A Preliminary Message
This post introduces what I think is a fundamental flaw in almost all blockchain designs. In brief, it is the emphasis on state as the ‘atomic element’, when we could also build using messages instead. The implications of this are quite severe, but also quite hard to understand because the computer science concepts are a bit inaccessible to the non-CS world.
What follows is a very informal, non-rigourous description to try and explain the difference between messaging and state to the non-technical audience. I’ve tried to get the simple message across but if you find yourself in a state of confusion, there is another way to understand it and that is to watch this space - we’re going to build it, so then the message will be put to the medium. Enough bad analogies, let’s forge on.
What’s a State Machine, anyway?
A state machine is a computer science invention to capture the reliable, deterministic machine. In words, it is a software “machine” that given some set of inputs and memory, always delivers the same outputs.
Think about a vending machine, and the software inside, which has to simulate the hardware machine so as to figure out what to do next. In words, “if we are in State 1, wait for coin. If a coin turns up, enter State 2. If in State 2, wait for button push. If a button push turns up, deliver drink, go to State 1.” In essence then, our machine consists of some code to handle that algorithm, some state (memory) to recall where we are, and an ability to read incoming messages (coins, buttons) and write out some instructions as messages (drink!).
We can also construct bigger state machines out of smaller ones - a database is essentially an enormous state machine, made up many little machines for each SQL table, each row and each cell. A protocol is a small state machine made of two state machines - one for each end. A blockchain is another enormous state machine, made of thousands of “full node” state machines with lots of hangers-on called SPV clients. While the essence of the design of a state machine is pretty simple, using them is as much an art as a science because we don’t have a great view on how to compose small state machines into large state machines. But we’ll leave aside that complexity for now.
It turns out that there are two fundamental approaches to building a state machine.
Note, what follows is a very stylised viewpoint, not a rigorous one. We ignore the code above, and just assume it is referenced wherever needed. We also ignore the output messages, for simplicity. Our goal is to get you to a state of understanding the message, not to impress CS geeks.
We normally model the state machine as above - it starts out in State One, and then Message 1 arrives. The processing of this message causes a transition from State One to State Two. On transitioning to State 1, the machine sends out messages, although that is strictly optional - it depends on the machine’s needs at that transition.

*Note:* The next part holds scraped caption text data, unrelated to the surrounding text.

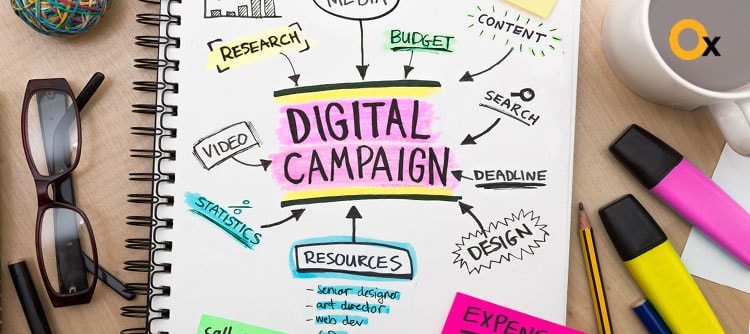 does-your-company-make-these-digital-marketing-mistakes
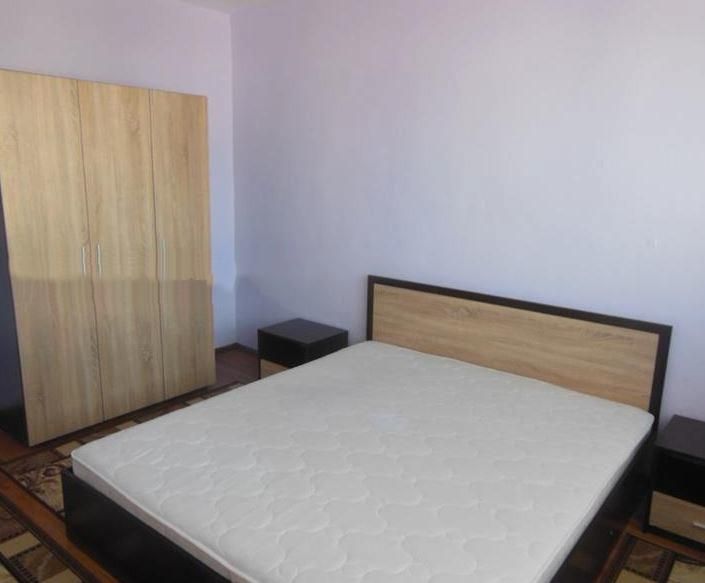 Дава се под наем Двустаен апартамент в София, Младост 1 - 67 кв.м за 550 € - Снимка #3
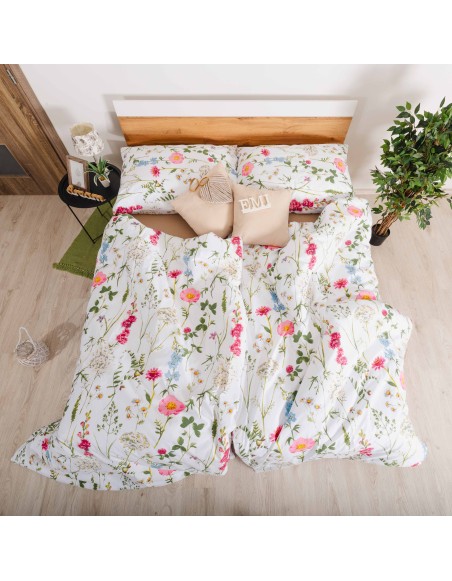 postelne_obliecky_rosemary_emi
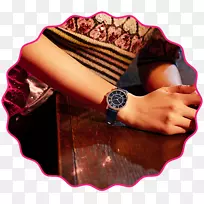 手指马克雅各布斯-空若网 手指马克雅各布斯-空若网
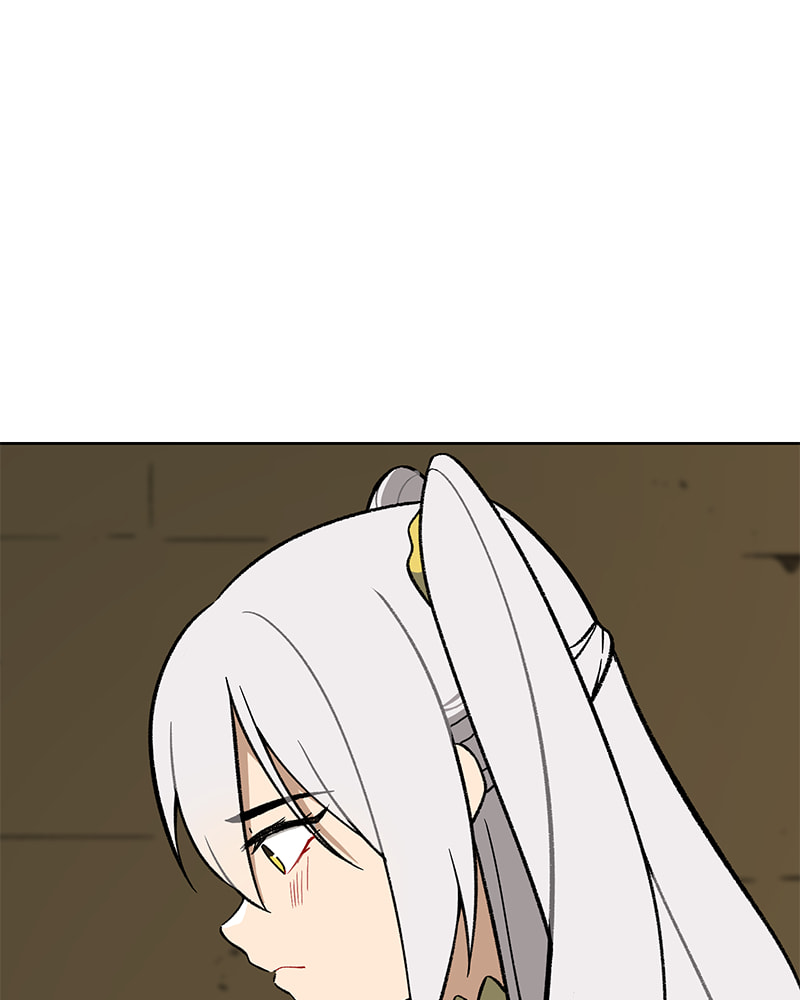 Read Line chapter 185 image 49 on Lezhin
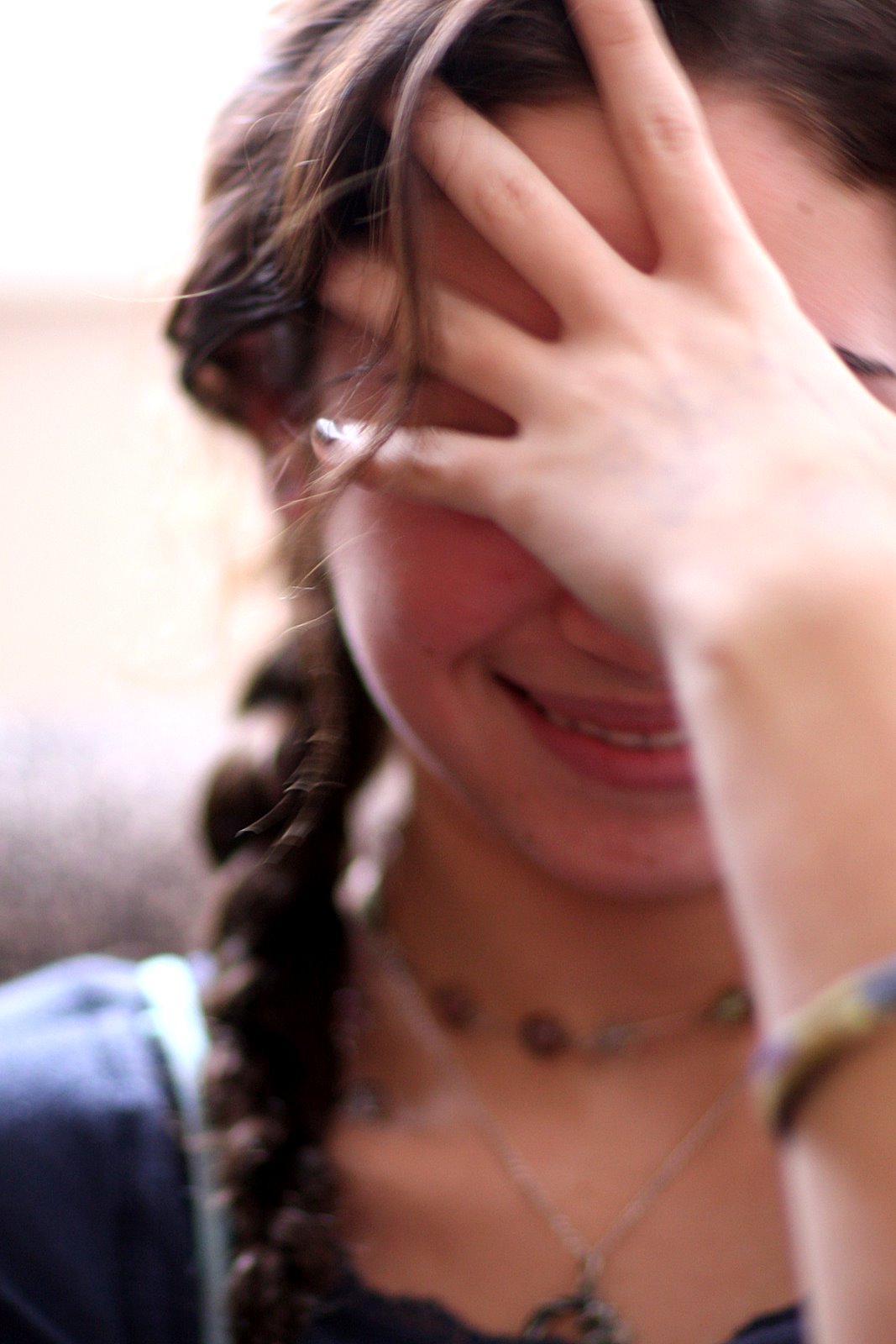 [2008-01-27+1423482.JPG]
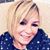 Valerie Barrington's profile image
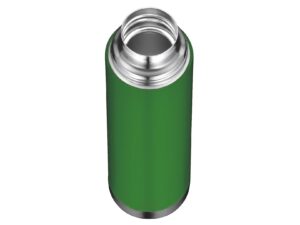 ALFI Isolierflasche 'Isotherm Eco'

Our job in building the state machine is to write the code to store and transition all states for all known messages. It turns out that, in doing this job, there are two fundamentally different ways in which to write the machine, and the choice of which colours our thinking, our design and eventually our capabilities.
First Way: Thinking of it as a machine of states. In this view, we store State One. Then, when the message arrives, the machine turns over to State Two, and we store that new state. Repeat! Think of the states as the Blue Circles above, and you can ignore any other view of the world.
Second Way: Thinking of it as a machine of messages. In this alternate view, we record the messages. We always start the machine at State One. Then we pump all of the incoming messages (Red Pills above) into the machine (and out pops any new messages). We store the messages, but don’t bother with the state, because we can calculate it any time.
These views are mostly equivalent in theory, and the trick to understanding this is that the machine is deterministic. Once we’ve established the machine as being exact and unforgiving in its actions, we know that for example M1 on State1 always results in State2 (and M2 out).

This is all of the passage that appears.